Records:
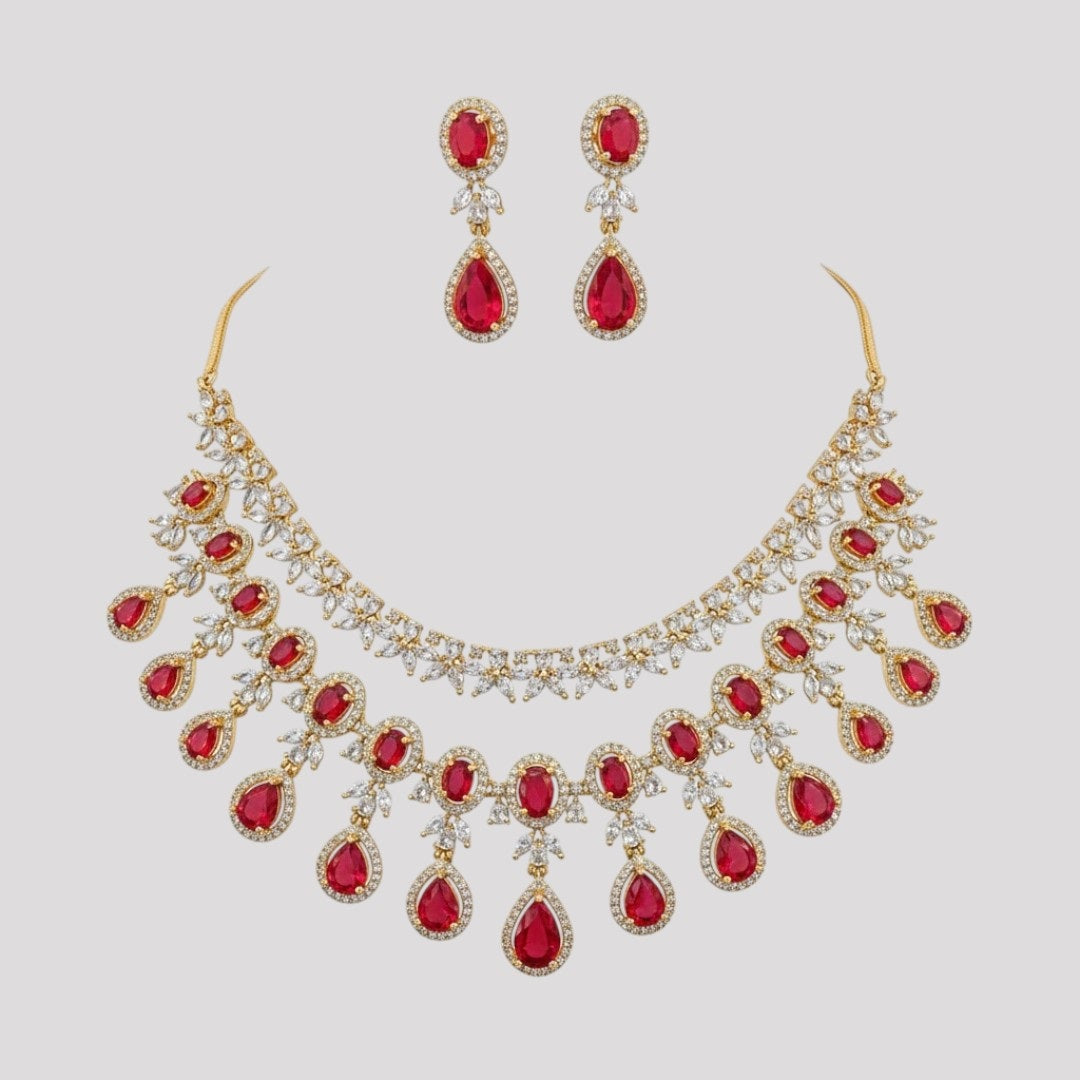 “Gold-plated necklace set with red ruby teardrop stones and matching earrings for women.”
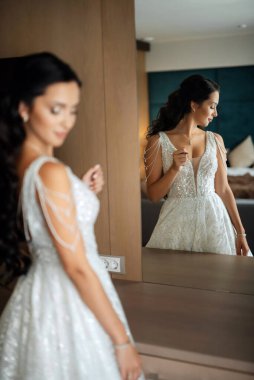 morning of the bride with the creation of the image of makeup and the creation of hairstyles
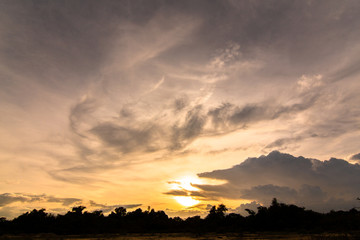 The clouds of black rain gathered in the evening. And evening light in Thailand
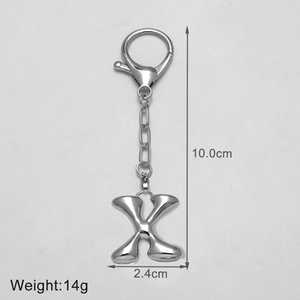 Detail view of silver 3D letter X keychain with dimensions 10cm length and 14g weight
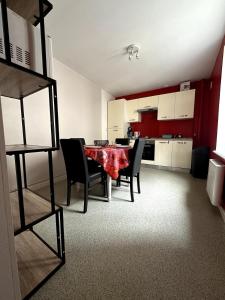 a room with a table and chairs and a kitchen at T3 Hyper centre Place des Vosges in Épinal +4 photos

Task to carry out:
Print the listing exactly, images excluded.

Response to the task:
 “Gold-plated necklace set with red ruby teardrop stones and matching earrings for women.”
 morning of the bride with the creation of the image of makeup and the creation of hairstyles
 The clouds of black rain gathered in the evening. And evening light in Thailand
 Detail view of silver 3D letter X keychain with dimensions 10cm length and 14g weight
 a room with a table and chairs and a kitchen at T3 Hyper centre Place des Vosges in Épinal +4 photos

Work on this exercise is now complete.